LTFRB-10 regional director Aminodin Guro was quick to the draw, saying he would create an inter-agency task force to assist his office to run after illegal operation of taxicabs. Aside from the LTFRB, the said task force would be composed of representatives from the Land Transportation Office, Philippine National Police-Highway Patrol Group, Cagayan de Oro City Police Office and, the City Hall’s Roads and Traffic Administration.

In effect, Guro has absolved himself from any accountability and presumptuously assumed an authority over law enforcers from other agencies that would compose the task force he would create. Perhaps he is unaware this would require a memorandum of agreement among the heads of agencies to be involved in combating the operation of colorum taxicabs. 

In fact, Abaday, in an interview in ABS-CBN North Mindanao’s Pamahaw Especial Tuesday,said the City Council has passed a resolution that requested the Land Transportation Franchising and Regulatory Board Central Office to create an inter-agency task force to combat colorum taxicabs.   

He said he has also sponsored an ordinance that would prohibit the operation of colorum public utility vehicles in the city, adding the same should be integrated into the city’s traffic integrated plan. 

Meantime, Guro focused on some 2,770 taxicabs belonging to operators with franchises by inspecting these units for an inventory of franchises or “tagging operation” for three days and “counter-checking” if the body numbers which the LTFRB gave are still being used. 

After three days, everything appears to be in order. Since the LTFRB-10 publicized the “tagging operation,” it also has the responsibility to informed the public of the result of the three-day inventory of franchises issued to operators. 

Instead, the LTFRB-10 announced it “has granted and issued provisional authority to 60 units of the Bugo Taxi Operators and Drivers Inc. (Butodi)” to legitimize the illegal operation of taxicabs. The agency’s press statement claimed that Butodi is “a corporation that applied for an extension of validity with substitution of units and consolidation of cases of its Certificate of Public Convenience under MC 2018-010 filed on July 10, 2019.”

With this, we expect Butodi has documentary requirements that include its registration with the Board of Investments, business trade name registration with the Department of Trade and Industry, business permit and proof that the application was subjected to a public hearing. 

Now, all taxicabs that have been operating illegally—numbering about 3,000, according to City Councilor Abaday—have a way out. 

With this, Mediakonek wonders why that task force should still be created when colorum taxicabs no longer exist, by then, due to Guro’s maneuvering of an LTFRB memorandum circular. The provisional authority has Nov. 23, 2019, to June 30, 2019, as its validity. 
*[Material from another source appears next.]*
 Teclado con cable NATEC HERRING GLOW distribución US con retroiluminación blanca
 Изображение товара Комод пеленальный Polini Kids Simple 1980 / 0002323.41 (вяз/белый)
By then, all Butodi units must comply with the Omnibus Franchising Guidelines (OFG) set under LTFRB Memorandum Circular 2017-011, Board’s Memorandum Circular 2018-008 and Consolidation of Franchise Holders in compliance with Department Order No. 2017-011. 

While the LTFRB-10 has its hands full in the process of legitimizing illegal operation of taxicabs, several operators of taxicabs in the city have seriously been considering strategies so that they could send all their units to the streets and sustain their businesses afloat. 

For more than a year, most drivers of legitimate taxi operators could not remit the daily boundary, ranging from P800 to P1,000 due to high fuel prices, traffic jams, and high taxi density in the city, hence many units are idle.                

A Mediakoneksource said taxi operators, whose units have already been fully paid, under a financial scheme in banks, may be compelled to bring down the daily boundary to P500 to ease the remittance burden and make sure most, if not all, of their units, would be on the street.

Clearly, survival modes prevail among the stakeholders of the taxi industry. These can be physical, emotional, mental and practical for taxi drivers, taxi operators, ghost taxi investors, and even LTFRB-10 personnel. 

God knows whether they are generating fares just enough to keep business going and, to stay afloat, they have to let many other important areas of business slip by the wayside just to have the resources to stay above water.

(Uriel C. Quilinguing is a former president of the Cagayan de Oro Press Club who, for more than three decades, had been editor in chief of Cagayan de Oro-based newspapers, including this paper. For reactions, email them to uriel.quilinguing@yahoo.com.)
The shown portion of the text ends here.